Ruby chocolate crunch
A very crunchy confectionery with a rich, fruity flavour. Ruby chocolate is a completely new and intriguing chocolate flavour and colour that is made from ruby cocoa beans without the addition of food colourings or fruit flavours. It is totally natural. Although the pink colour disappears with this preparation, the fruity flavour remains!
Makes 1500g.
Allergens & dietary requirements
- Lactose
- Cow's milk
- Soy
- Vegetarian
Ingredients
- 800 g water
- 200 g granulated sugar
- 200 g isomalt
- 60 g Sosa gelcrem thickening agent
- 400 g ruby chocolate
Preparation method
- Put the water, granulated sugar, isomalt, and gelcrem in the mixing bowl of a thermoblender.
- Then blend for 30 minutes at 80°C until the mixture is smooth.
- Leave to cool for 5 minutes before mixing in the ruby chocolate.
- Leave to rest outside the refrigerator for 24 hours.
- Spread out the mixture thinly on a baking tray covered with a silicone mat.
- Place in an oven at 140°C with the fan set to 2 for 30 minutes.
- Keep the mixture warm under a heat lamp.
- Make thin chocolate caramel by pulling off pieces of the confectionery mixture with your thumb and index finger while wearing kitchen gloves.

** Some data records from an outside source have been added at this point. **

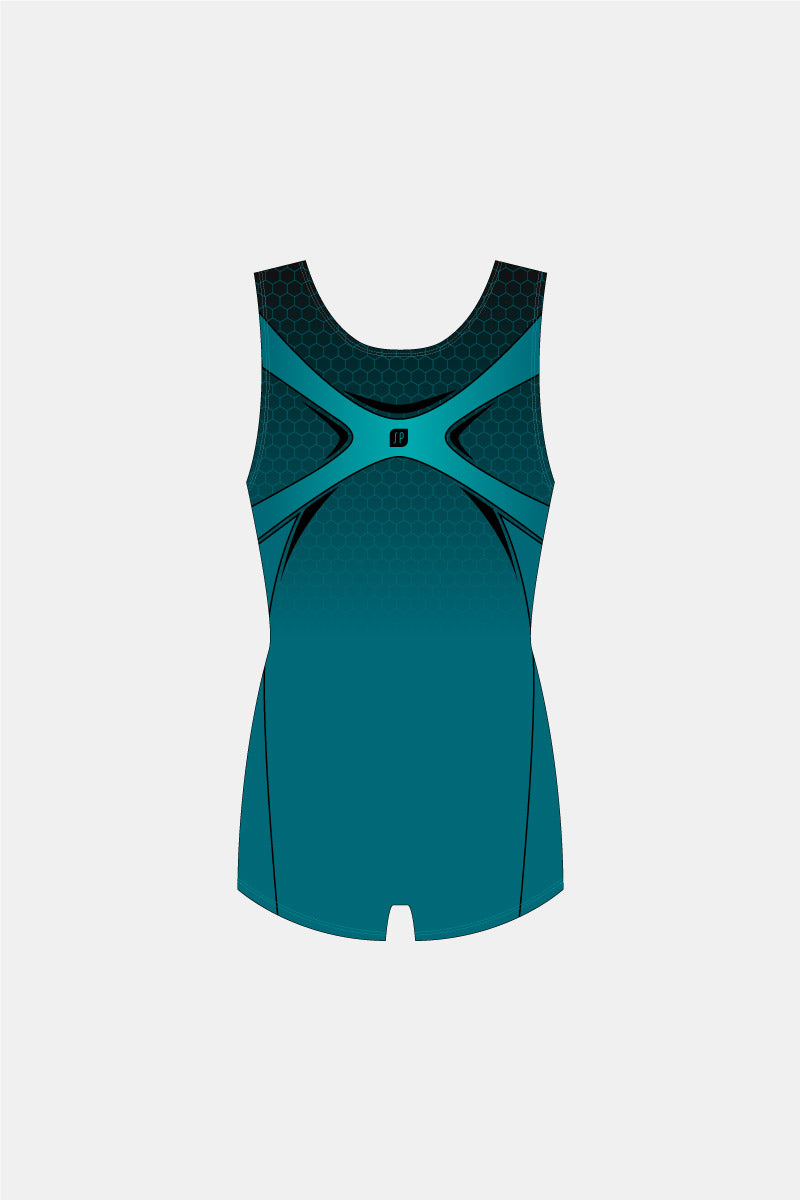 Enzo Boys Boyleg Leotard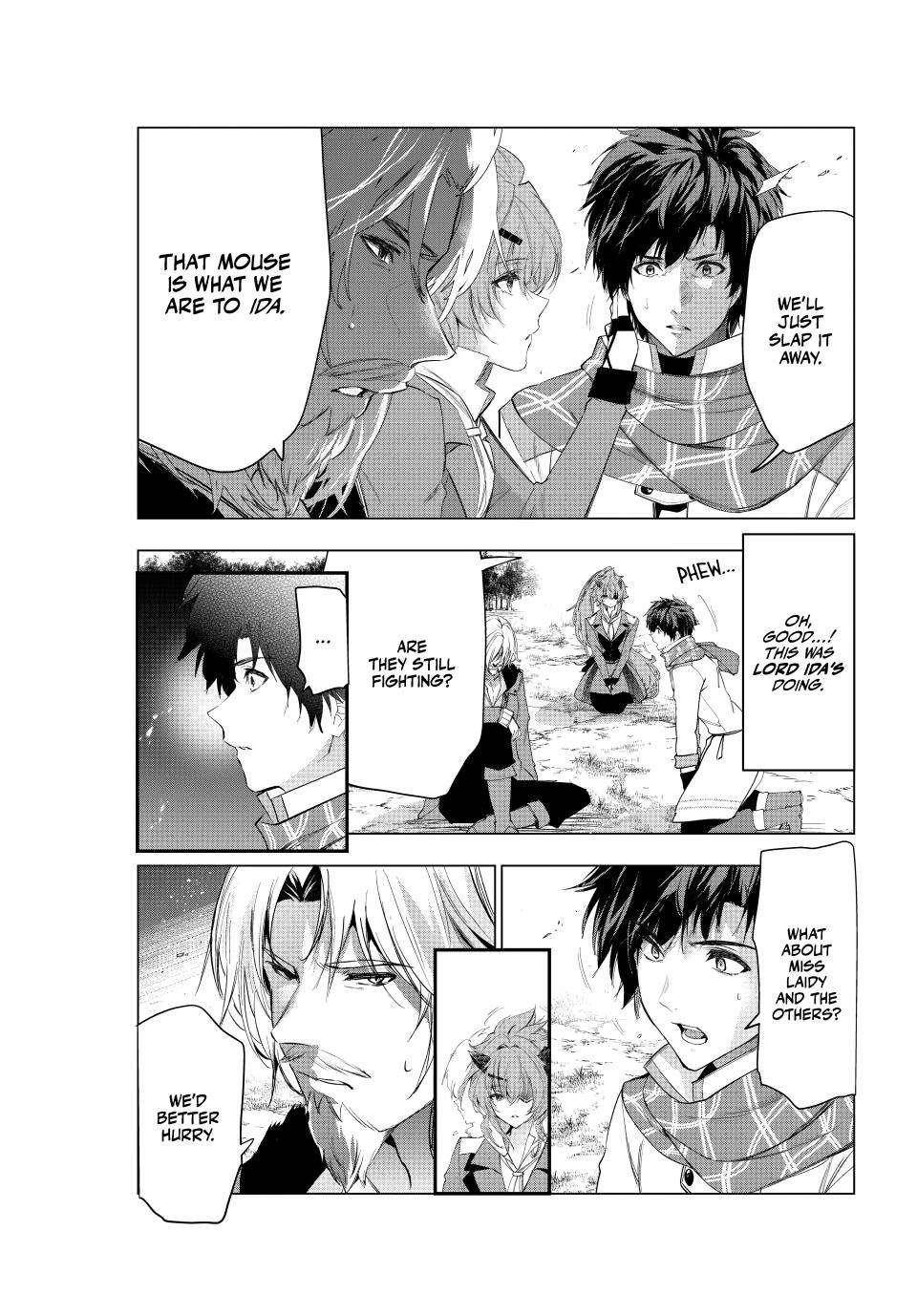 The Slow Second Life of a Dismissed Dark Soldier (age 30) Chapter 64 - Page 7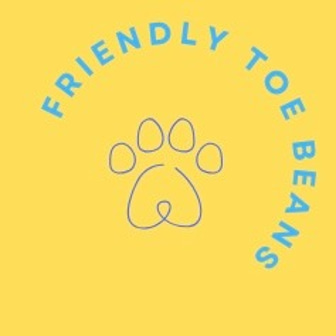 Friendly Toe Beans logo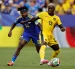 Moisés Caicedo (d) es el jugador más caro de Ecuador en el Mundial 2026.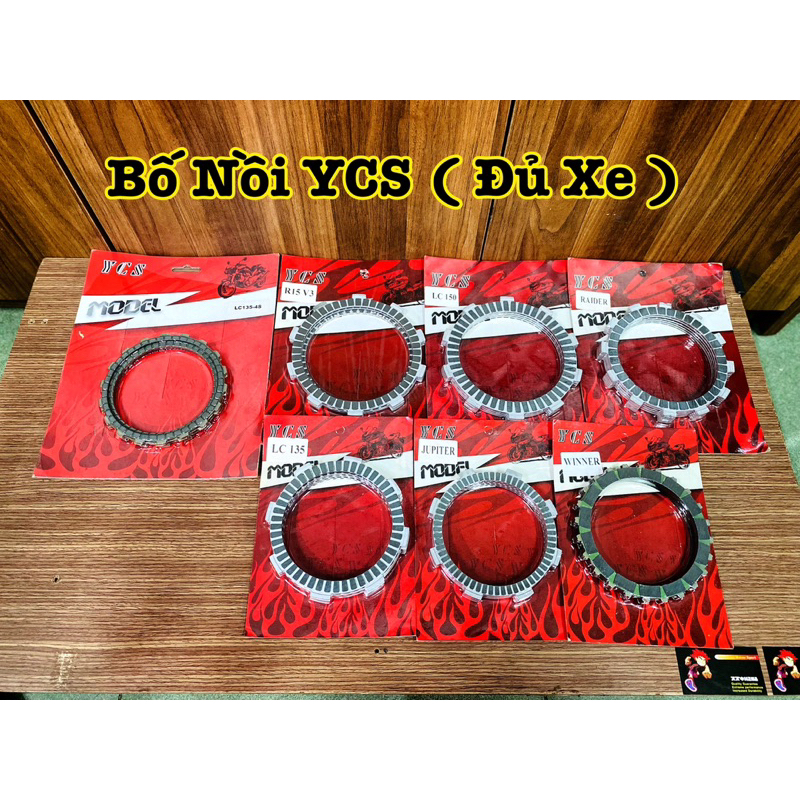 Bố Nồi YCS Winner / Sonic / Satria/ Ex150/ Ex135 / Sirus / Jupiter...////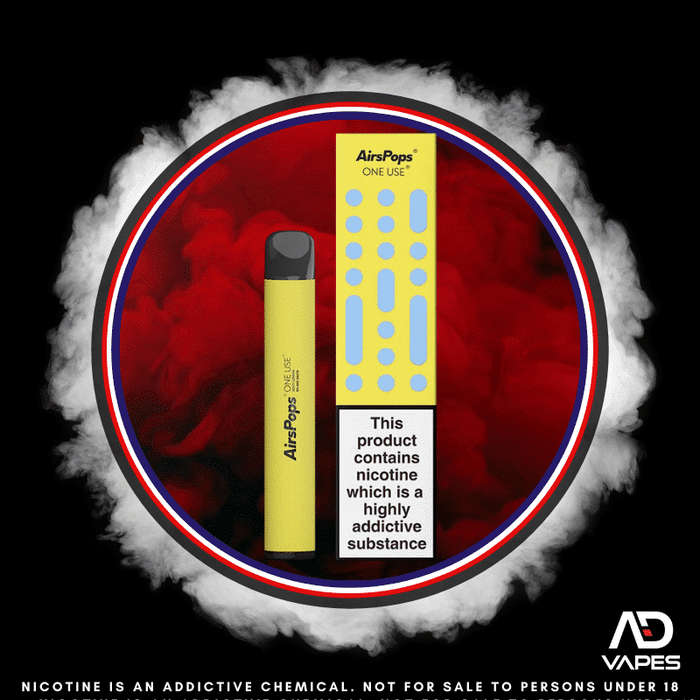 Airscream Airspops 36mg Zesty Lemon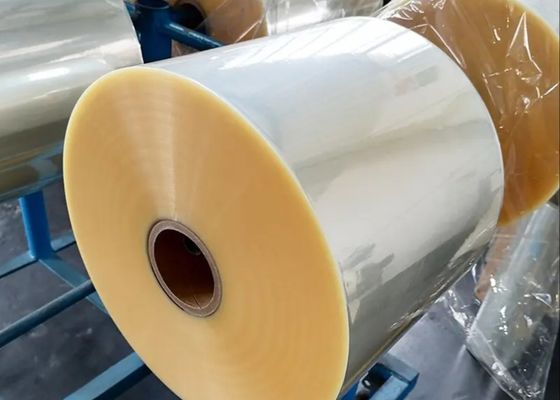 20μM Clear BOPP Film Printed high Glossiness For Bag Making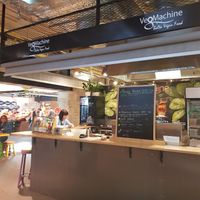 The kiosk at Veg Machine in Tallinn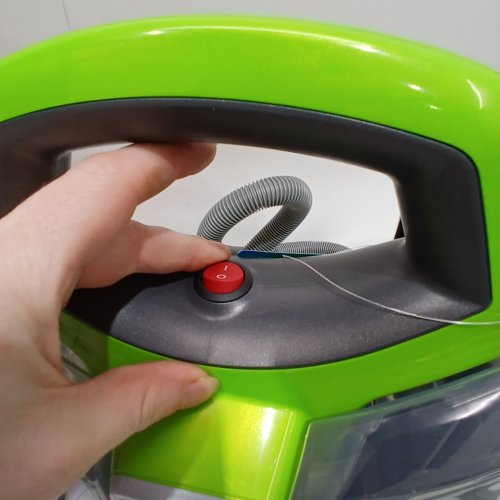 BISSELL LITTLE GREEN PORTABLE DEEP CLEANING VACUUM - 37OZ TANK MAX - GREEN/GREY (MODEL : 2513B) image 2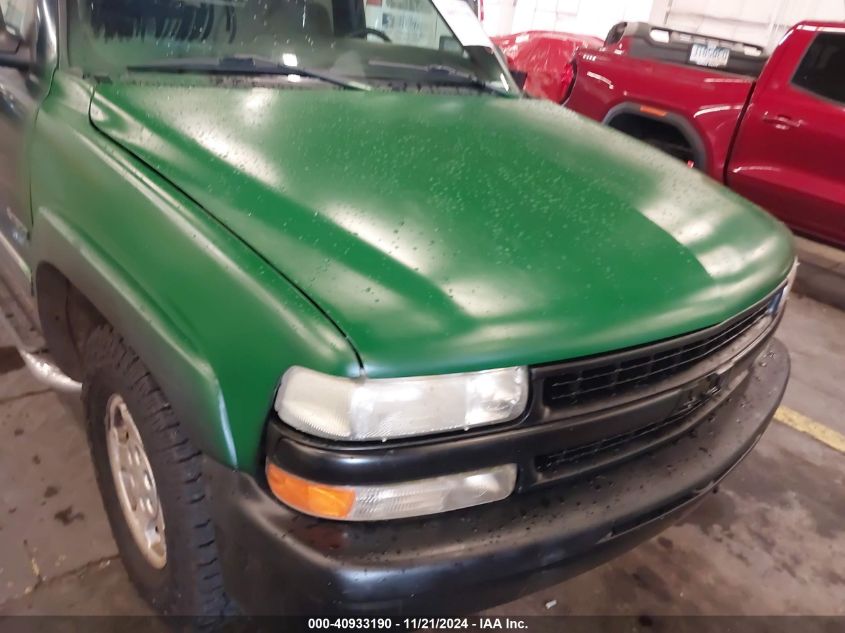 2001 Chevrolet Silverado 1500 Ls VIN: 1GCEK19V81E144579 Lot: 40933190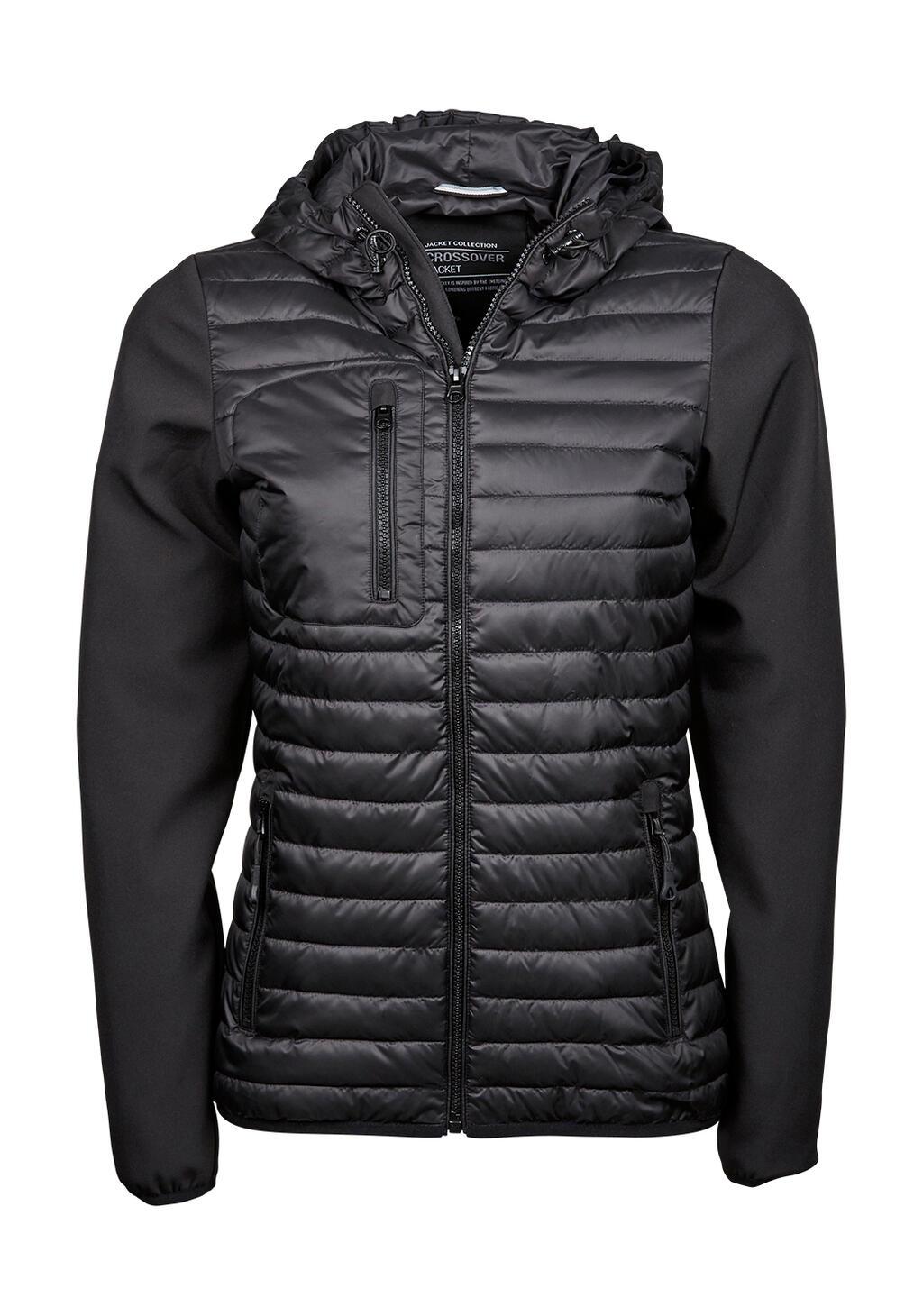 Bild på Hybridjacka TeeJays Crossover Hooded Dam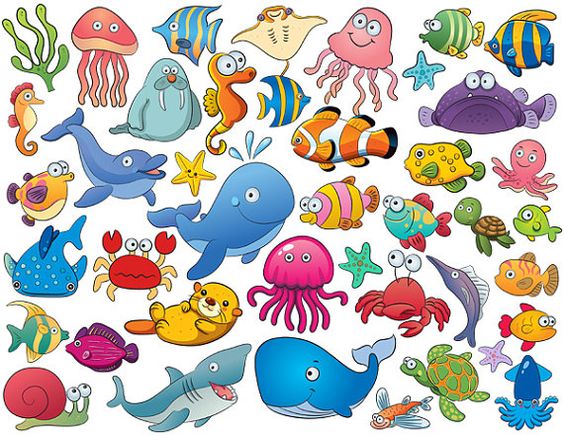 Free Cliparts Sea Creatures, Download Free Clip Art, Free.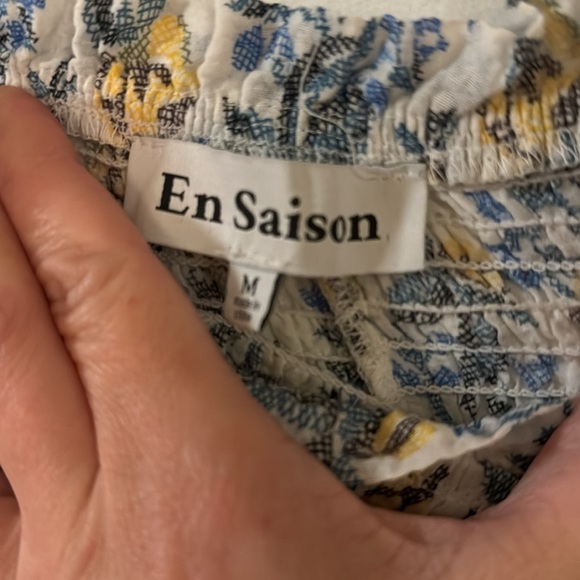 En Saison maxi dress size M - Picture 2 of 4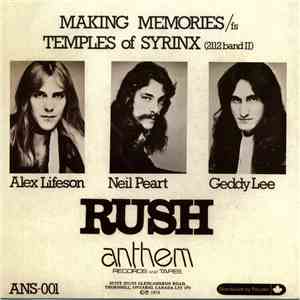 Rush - Making Memories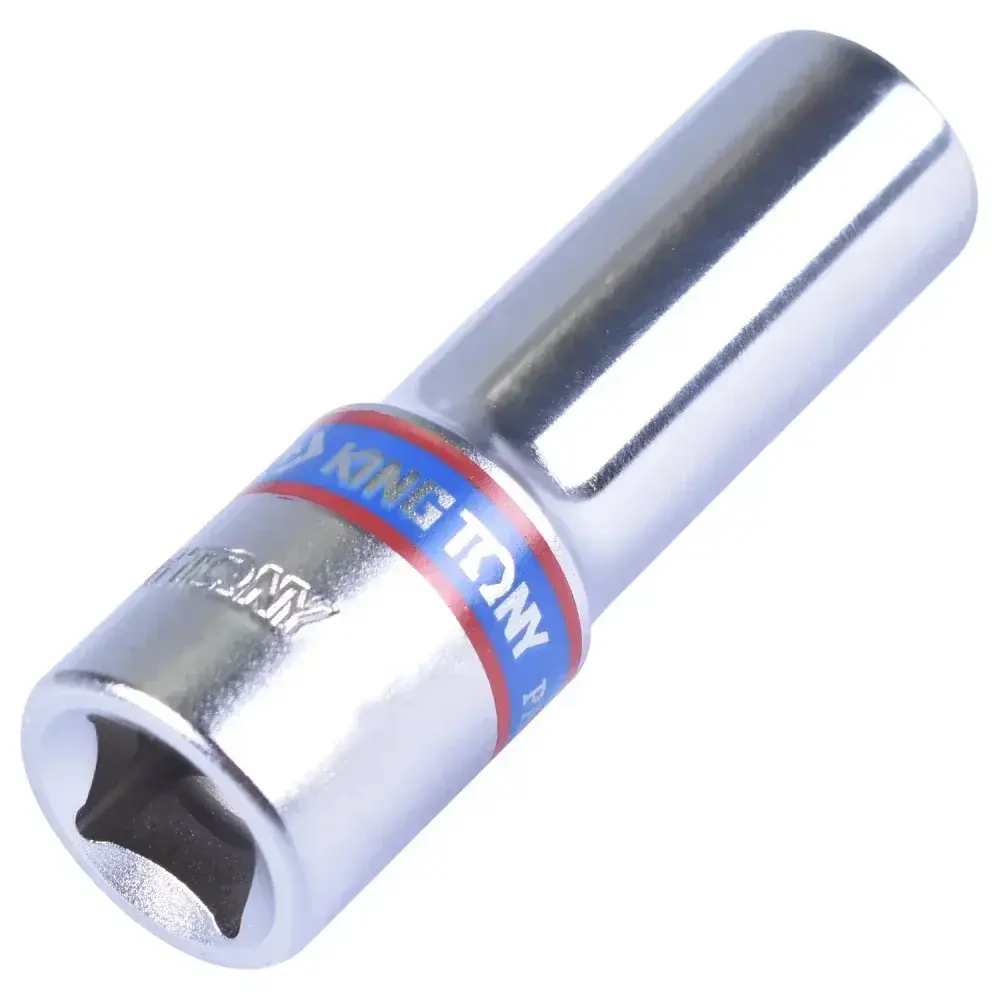 Soquet longo 15 mm encaixe 1/2 king tony — fotografia 7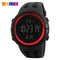 SKMEI Fashion Outdoor Sport Watch Men Multifunction Watches Alarm Clock Chrono 5Bar Waterproof Digital Watch reloj hombre 1251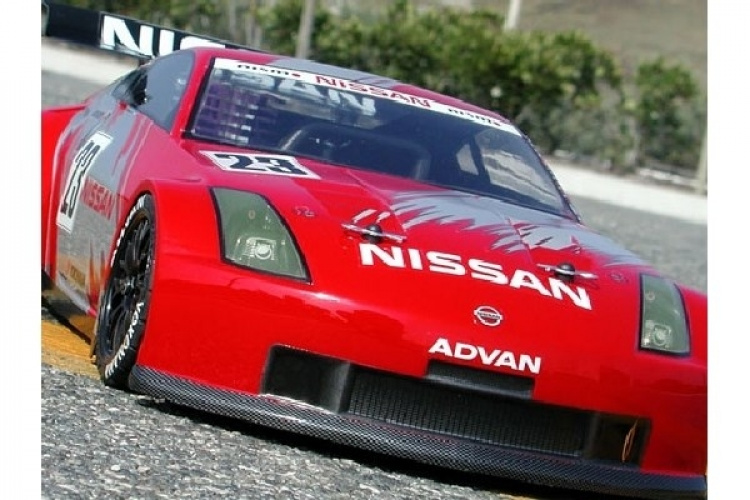Nissan 350Z Nismo Gt Race Body (190Mm)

Make sure the pieces are as thin as possible.
- Store in an air-tight container with silicone granules.
Serving suggestions
- Combines well with components of beetroot, raspberry, and balsamic vinegar.
- Perfect with strawberry, lemon, and olive.
- Delicious in a dish with components of macadamia nut, redcurrant, and woodruff.